Revista Ignis. Corporación universitaria Minuto de Dios
Ciclo II de “Las humanidades en…”
Me preocupa es la calvicie: la ansiedad que crece (inversamente proporcional) por cada pelo que abandona mi cabeza.
¿Sabían que el gen de la calvicie lo pueden heredar y transmitir las mujeres, pero en ellas no se manifiesta? Mi mamá, por ejemplo, no deja un pelo en el sifón de la ducha, pero me heredó la calvicie de mi abuelo, y él ni idea de qué otro calvo. Pero si me remonto hasta él o ella, me encontraría con el argumento de una novela. Una genealogía marcada por la pérdida prematura de cabello ―antes del año, para ser dramáticos. En cualquier pueblo remoto de este país, a los personajes de esta historia los años les pasan lento, hasta que mueren y les brota una mata por fuera de la tumba.
Y a estos árboles (de las mechas que les crecen a las calaveras) hasta les podrían nacer granadillas, pero acabo de descubrir en el teclado de mi portátil tres pelitos míos, rubios y rizados, que se mezclan con los de color blanco que suelta mi perra. Y viéndolos, la angustia se ha condensado en una serie de cosas a las que no supe cómo ‘echarles tijera’.
La calvicie y el antropoceno
Una vez hice la siguiente encuesta en un grupo de compañeros de oficina: ¿Usted prefiere quedarse calvo o morir? Todos me respondieron que lo segundo. Ninguno tuvo clemencia de mi alopecia y por lo menos lo dudó.
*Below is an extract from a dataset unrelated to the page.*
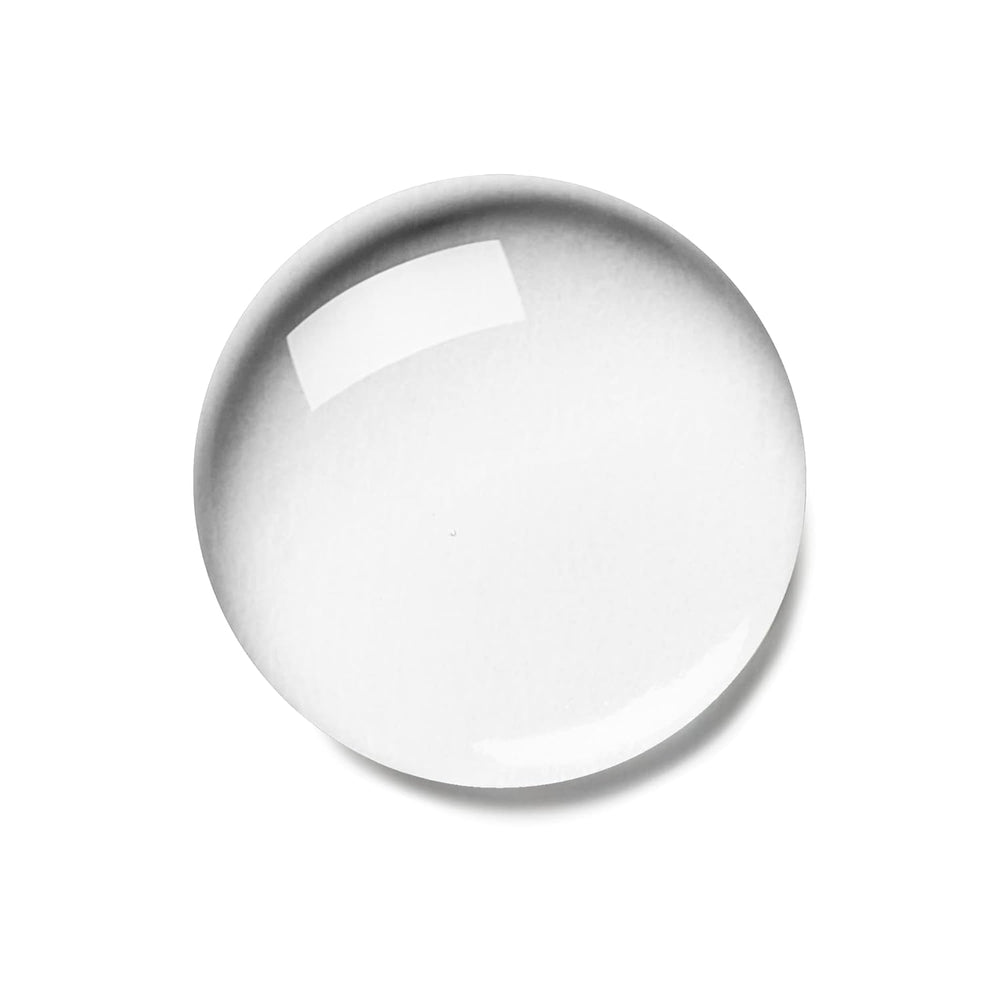 Sada laků na nehty na make-up, Rammatuell červená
¡Profesor Desmond Morris!, autor del Mono Desnudo, ¿Qué opina? Según su libro, el ser humano no ha hecho más que convertirse en una criatura lampiña desde que bajó de la copa de los árboles y corrió por la sabana africana. ¿Qué opina, ahora que millones de años de evolución después, en pleno antropoceno (que significa el amanecer de nuestra especie), se prefiera la extinción por encima de la pérdida de pelo?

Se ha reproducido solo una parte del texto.